Methods/ techniques/ processes
Vaseline on lenses to have foggy smudged affect, and chemicals or scratches on developing negatives. Made the images look like paintings, with depth and sketchiness through human interaction, not just the mechanical use of the camera
Artists associated
Abelardo Morell – modern contemporary. Uses old keyhole method to project outside scenes into rooms, no other interference so the light projects the image upside down. lengthy process
Alfred Stieglitz – New York in 1890 promoted idea that photography was a medium as capable of artistic expression as painting or sculpture, created photo succession group (important group in solidifying the pictorialist movement) Alfred used compositional choices and use of natural elements like rain, snow, and steam to unify components of a scene into a visually pleasing pictorial whole.
Julia Michael Cameron – pre-Raphaelite style, fairy light, unfocused. Creates angelic scenes with woman, white clothing and soft finish to present innocence.

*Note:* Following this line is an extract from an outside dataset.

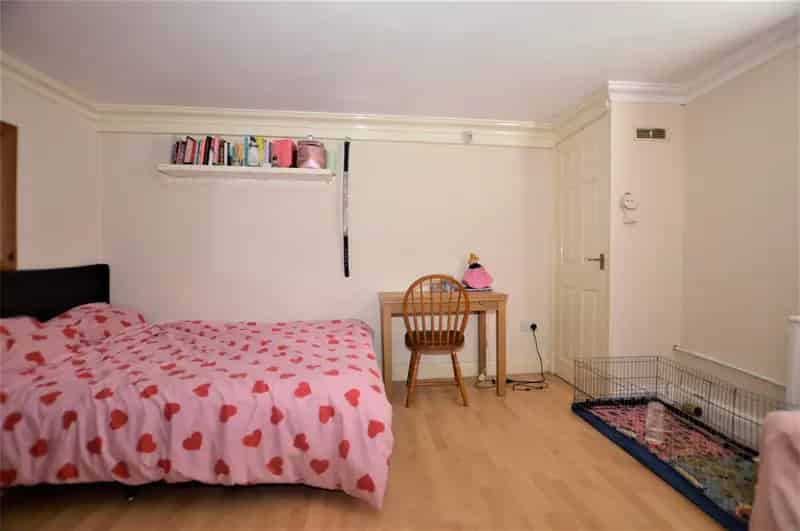 Flat Apartment for Sale Near Town Centre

Emerson’s Naturalistic Photography – promoted photography as art rather than science, natural and aesthetic depictions of (famously) wheat workers workers
REALISM / STRAIGHT PHOTOGRAPHY
Time period
1830/40s – 1920s
Key characteristics/ conventions
Pure photography or straight photography refers to photography that attempts to depict a scene as realistically and objectively as permitted by the medium, renouncing the use of manipulation. The West Coast Photographic Movement is best known for the use of this style. The term ‘realism’ can mean to depict things as they are, without idealizing or making abstract. It is also a 19th-century art movement, particularly strong in France, which rebelled against traditional historical, mythological and religious subjects and instead depicted scenes from life. The fathers of photography, Louis-Jacques Mandé Daguerre (1787-1851) and William Henry Fox Talbot (1800-1877), both described it as a medium that allows nature to represent itself, seemingly without the intervention of the artist.
Methods/ techniques/ processes
Methods include using tripods and natural light facing the subject in order to create still, focused and detailed images of a subject, often a person.
Artists associated
Paul Strand – Paul Strand was an American photographer and filmmaker who, along with fellow modernist photographers like Alfred Stieglitz and Edward Weston, helped establish photography as an art form in the 20th century. In the 1930s, he helped found the Photo League.

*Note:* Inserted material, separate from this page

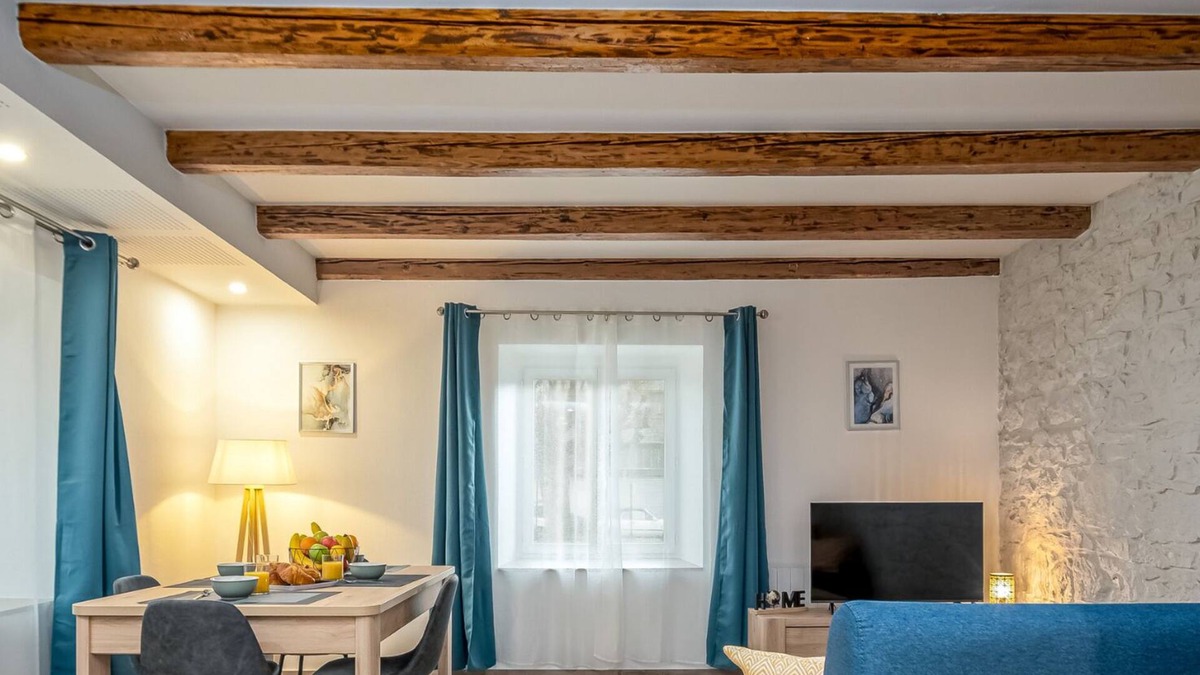 Audincourt Apartment | An authentic setting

Edward Weston – Edward Henry Weston was a 20th-century American photographer. He has been called “one of the most innovative and influential American photographers…” and “one of the masters of 20th century photography.”
Walker Evans – Walker Evans was an American photographer and photojournalist best known for his work for the Farm Security Administration documenting the effects of the Great Depression. Much of Evans’s work from the FSA period uses the large-format, 8×10-inch view camera.